From the entries below, reproduce exactly the lines from the one with "Mark Law Mens" through the one with "Bathroom Fixtures Three", both included, without images.

MATERIAL FOR THIS EXERCISE Block Start

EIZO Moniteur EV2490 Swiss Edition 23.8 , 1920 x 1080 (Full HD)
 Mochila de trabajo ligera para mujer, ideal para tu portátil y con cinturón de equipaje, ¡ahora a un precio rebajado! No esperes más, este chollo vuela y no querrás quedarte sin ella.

MATERIAL FOR THIS EXERCISE Block End
MATERIAL FOR THIS EXERCISE Block Start

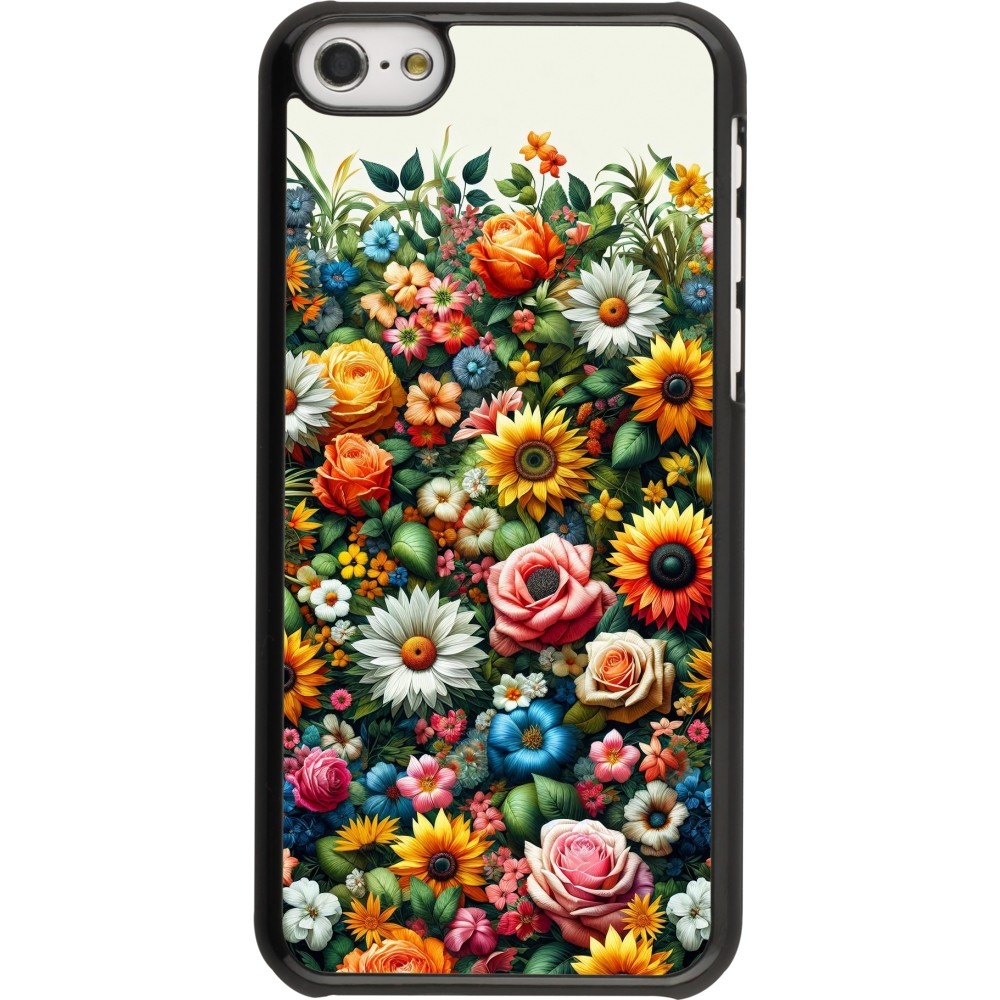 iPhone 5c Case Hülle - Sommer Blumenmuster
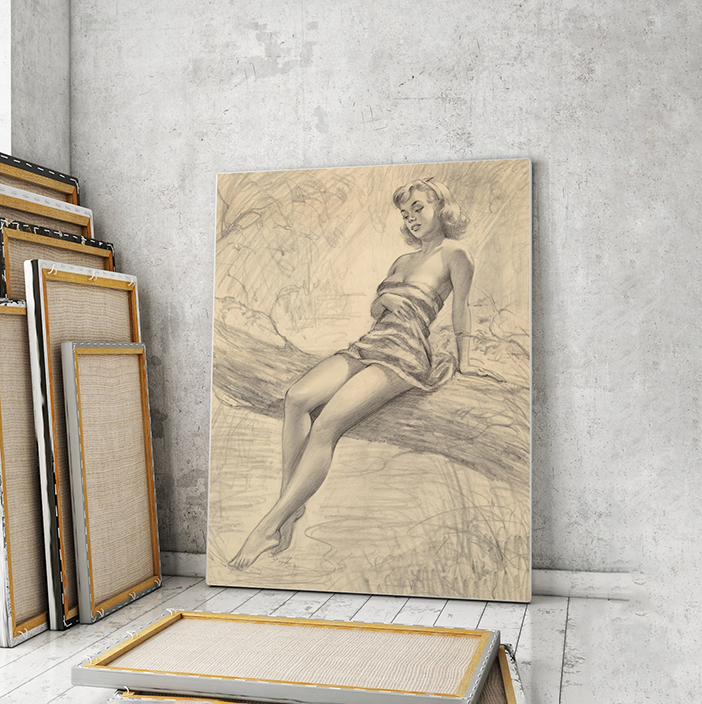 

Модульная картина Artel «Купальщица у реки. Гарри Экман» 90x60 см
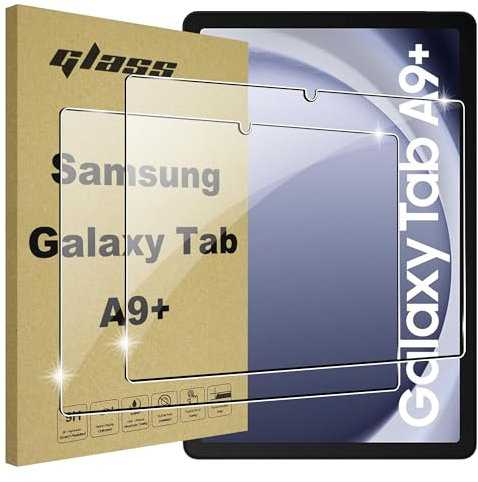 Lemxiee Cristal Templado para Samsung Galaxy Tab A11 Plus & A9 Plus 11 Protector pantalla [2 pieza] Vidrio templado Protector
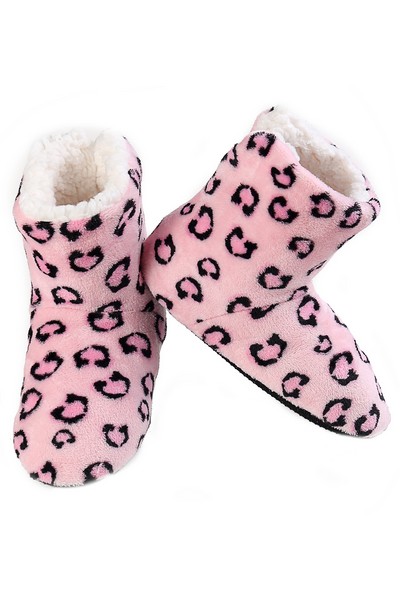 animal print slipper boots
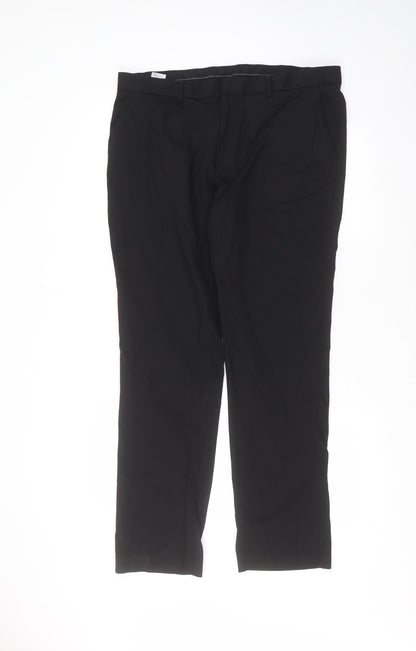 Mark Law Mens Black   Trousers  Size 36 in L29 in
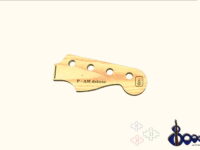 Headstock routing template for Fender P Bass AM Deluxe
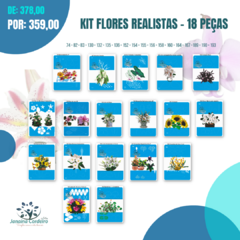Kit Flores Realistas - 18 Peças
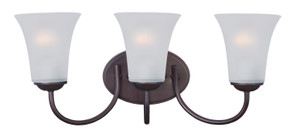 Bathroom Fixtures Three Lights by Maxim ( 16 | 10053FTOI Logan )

MATERIAL FOR THIS EXERCISE Block End

— REPLY TO THE TASK —
 Mark Law Mens Black   Trousers  Size 36 in L29 in
 Headstock routing template for Fender P Bass AM Deluxe
Kit Flores Realistas - 18 Peças
 Bathroom Fixtures Three Lights by Maxim ( 16 | 10053FTOI Logan )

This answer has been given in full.